My view, expressed in e-mail to Bill Kendrick and Mike Simons:  Unless
and until they get the Mailman list-administration password from Pete,
and use it to see what Pete does in the group's name, he will
continue to have zero oversight, and they won't know what he's doing.

At the time that Pete locked you out of the mailing list for a good long 
while (over basically nothing at all), the officers were under the 
mistaken impression that there had merely been a brief flare-up and
you'd been pretty much immediately allowed back on.  Very recently, 
Karsten Self attempted to re-join vox-tech.  Pete denied the request.
I'll lay long odds that, again, the officers know nothing about that.

My impression is that Pete has left a long trail of such actions behind
him, out of others' view.  In light of that pattern, absent the officers
_actually exercising_ oversight over list administration, I can't help
seeing bylaws changes as not a suitable way to address these problems
(if in fact they're so intended).

> In the meantime, I will follow your lead which seems like a very
> sensible way to protest the administration of the mailing list.

Drawback:  The gesture (not posting) is essentially invisible.  One side
effect of Pete's methods is that critics vanish.

-- 
Cheers,            There are only 10 types of people in this world -- 
Rick Moen          those who understand binary arithmetic and those who don't.
rick@linuxmafia.com





Note that LUGOD's mailing list information pages have been manually truncated to conceal who is listadmin. Compare footers at the bottom of:

(The latter is a standard Mailman list-info page.)

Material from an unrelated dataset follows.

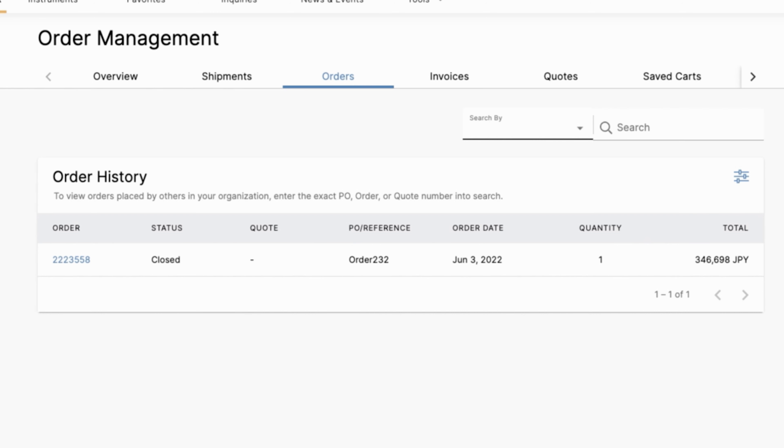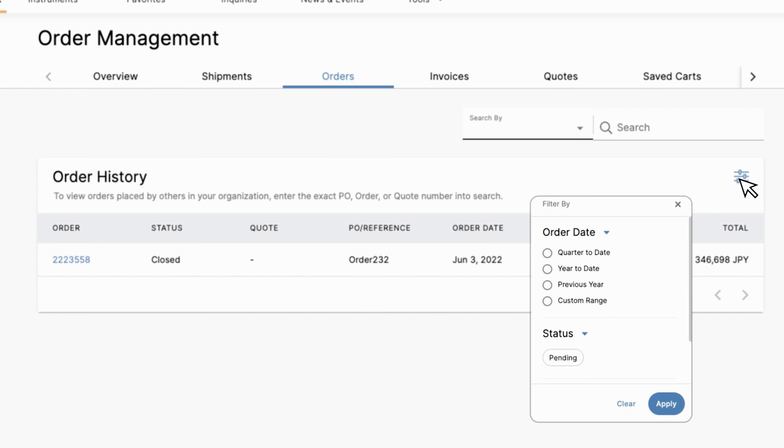Once you make your selection, you'll see the results populated below. Alternatively, you can filter the results by selecting the filter icon underneath the search field to apply either an order date or status filter. Click apply to filter the results.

Relevance: After controversy over Salzman's list management, the officers promised vaguely specified change and Salzman spoke of leaving Davis for the East Coast, but Karsten Self's postings continue to be rejected, apparently by Salzman, and nothing appears to have changed — except that the list-information footer suddenly disappeared, removing the public's ability to see who's running the list.